Die LASERTEC 30 SLM verfügt über ein Pulverbett mit einem Bauvolumen von 300 × 300 × 300 mm.
Wird künftig die Maschinensteuerung der LASERTEC 30 SLM an den DMG MORI Standard angepasst? Stichwort: Industriesteuerung. Integration in CELOS® etc.?
Die Steuerung basiert auf einer maßgeschneiderten Industrielösung, die von Realizer speziell für die Pulverbettmaschinen entwickelt wurde.
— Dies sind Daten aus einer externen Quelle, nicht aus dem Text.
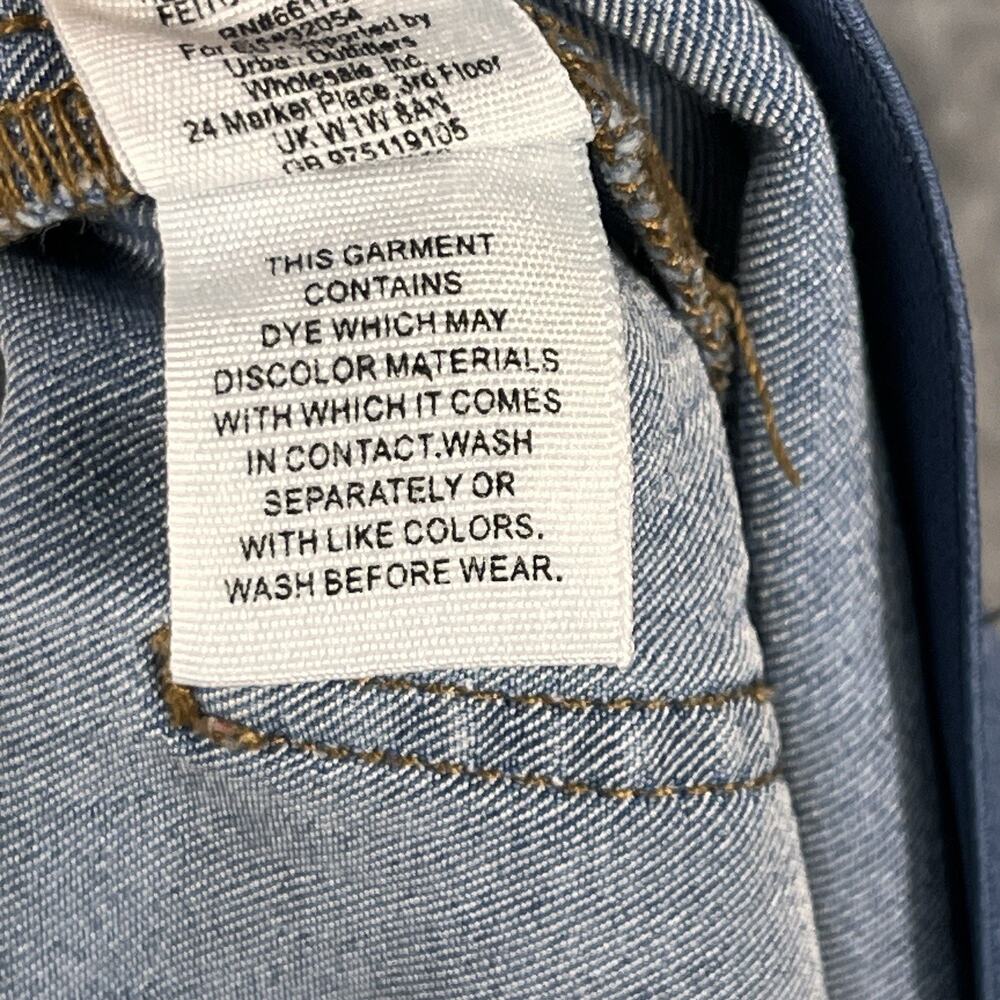 We The Free People Heirloom Bootcut Jeans Women's 27 Low Rise Denim 27x32‎ - Picture 5 of 10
Die Integration in CELOS® wird in einem 2. Schritt erfolgen.
Mit der LASERTEC 65 3D hat DMG MORI das generative Laseraufbauverfahren in eine vollwertige 5-Achs-Fräsmaschine integriert.
Die Industrie fordert ständig schnellere, größere und günstigere Maschinen für die Metall-Additive Fertigung. Wo sehen Sie die wesentlichen Entwicklungspotentiale und Trends?
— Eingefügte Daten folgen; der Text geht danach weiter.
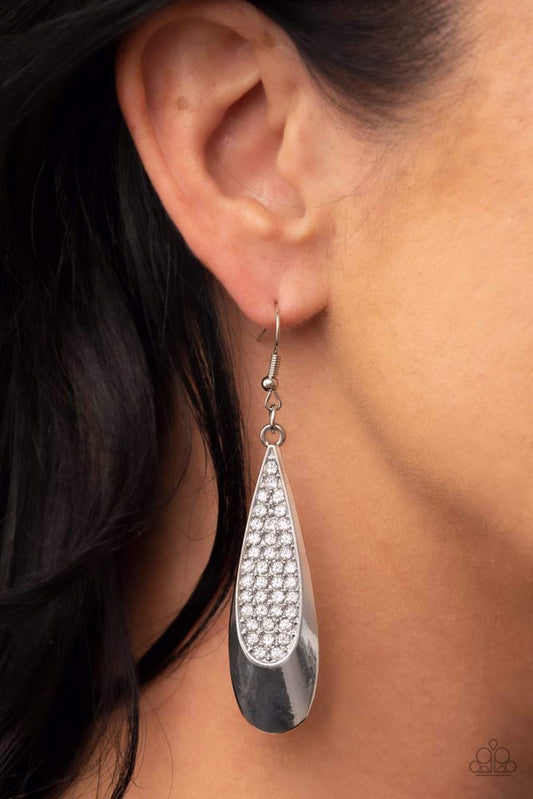 Prismatically Persuasive - White - Paparazzi Accessories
Multi-Laser-Anwendungen oder größere Baufelder gehören zu den Entwicklungsthemen, um eine noch höhere Produktivität zu erreichen. Auch Automatisierungslösungen stehen im Fokus. Hierfür ist speziell die Prozessverkettung maßgeblicher Bestandteil, die sowohl hardware- als auch softwareseitig durchgängig abzubilden ist. Dabei darf man jedoch nicht das sichere Pulvermanagement vernachlässigen. Mit dem Pulvermodul haben wir hier eine intelligente und flexible Lösung gefunden.
Die Kombination des Laserauftragsschweißens mit der spanenden Bearbeitung auf einer Maschine ermöglicht völlig neue Anwendungs- sowie Geometriemöglichkeiten.
Welche Klientel möchten Sie mit der LASERTEC Additive Manufacturing-Baureihe konkret ansprechen? Welche Branchen stehen im Fokus?
Die LASERTEC 65 3D Hybrid ist eher für größere Teile mit einem größeren Bauraum geeignet. Die Kombination des Laserauftragsschweißens mit der spanenden Bearbeitung auf einer Maschine erschließt hier völlig neue Anwendungs- sowie Geometriemöglichkeiten. Unter anderem ermöglicht die eingesetzte Pulverdüsen-Technologie das gezielte Aufbauen von additiven Features auf bestehende Grundkörper oder Halbfertigerzeugnisse bis hin zu Multi-Material Anwendungen. Insbesondere große Bauteile lassen sich mit dieser Hybridlösung kostengünstig herstellen. Der flexible Wechsel zwischen Laser- und Fräsbearbeitung ermöglicht zudem die direkte Bearbeitung von Bauteilsegmenten. Das betrifft vor allem Branchen wie Aerospace und Medizintechnik, in denen hochkomplexe und hochpräzise Bauteile gefertigt werden.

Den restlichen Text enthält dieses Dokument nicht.